Changing D&D to mean birth control.

(Note, the new statement is confusing, but still maintains all prior logical connections. That is, it’s still something the church dislikes, and it’s related on at least one metric to D&D)

Confusion over whether the statement makes sense.


Pleasure. (Hopefully)

Many classic jokes follow this format. For example, “Take my wife. PLEASE!”

An understandable statement is made – “Take my wife.” The meaning of the word “take” is altered, but all logical connections are maintained. Brief confusion results. The confusion is followed by understanding – the comedian means a different statement that maintains all prior logical connections. Once understood, pleasure results. Note the pattern – sense, nonsense, sense, pleasure.

(Of course, in the above case, we all know the joke, so ΔU = 0. But, the first time it was told, this would not have been so.)

For another example, I once wrote a joke in which Jesus tells his disciples to give all they have to the poor. This results in the poor’s economy crashing because the free product puts their economy in a deflation.

This joke follows a similar structure. You are told that Jesus favors helping the poor and is acting in a way to harm the poor. This results in confusion. When the connections are explained – dumping product results in deflation – understanding results. Once again, an idea (giving to the poor) has its meaning changed in a way that preserves logical sense but alters the meaning of pre-existing connections. Ideally this happens quickly, and the reader will laugh.
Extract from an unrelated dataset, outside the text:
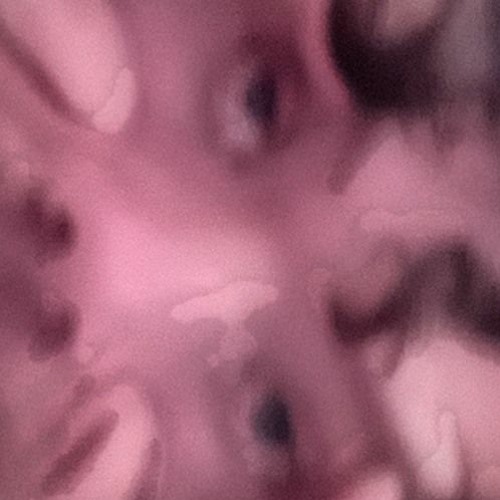 Docktown - Du Var Så Mycket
Note that in both cases a connection is discovered. In the first case, there is a strange equivalence. Imagine you discovered it by doing the following:

Start with a concept. Build all possible relations off of that concept as bridges to other concepts. From each of those concepts, build more possible relationships to more concepts. Eventually you have a branch tree. At some point, you will have a situation where you fork off of a concept, only to have the paths come back together. The following is an example:

1) Church opposes->D&D->is loved by->Geeks->who have->no sex

2) Church opposes->Birthcontrol->whose methods include->abstinence.

You can see that we fork from what the church opposes, only to “close the loop” at not having sex. This is, of course, simplified. In an actual diagram, “church opposes” would branch to many things, as would D&D as would “is loved by” and so on. We’re just creating chains of relationships. Saying geeks have no sex might seem like cheating, since it’s similar to a joke. However, consider it as being one quality of a stereotypical geek among many. Others might be shyness, social awkwardness, etc.

Here’s a doodle of a more worked out chart, that is still obviously rather artificial.


The point here is that we follow the perfect structure of a one liner via this pathway. When we find one of these loops, it represents a surprising shared relationship, which is essentially how we described jokes above.

So, structurally, this whole diagram would look like lots of nodes with lots of links coming off each node. To find the potential jokes, we simply need to look for these “closed loops.” That is, places where something forks, only to recombine later.

My suspicion is, based on the ΔU/T concept, that there is an ideal size to the loop. Too big a loop would require too much inference, thus making T large. Too small a loop would make ΔU too small and the joke would be dull. The ideal joke takes a second to understand, but only a second. So, there is probably a desirable length for a closed loop.

In addition, note that there are two types of closed loop. I’m calling these Loop of Equivalence (LOEq) and Loop of Contradiction (LOCo).

In LOEq, connections proceed from a fork until two places contain the same thing: e.g., fork from things the church hates to reconnection at lack of sex.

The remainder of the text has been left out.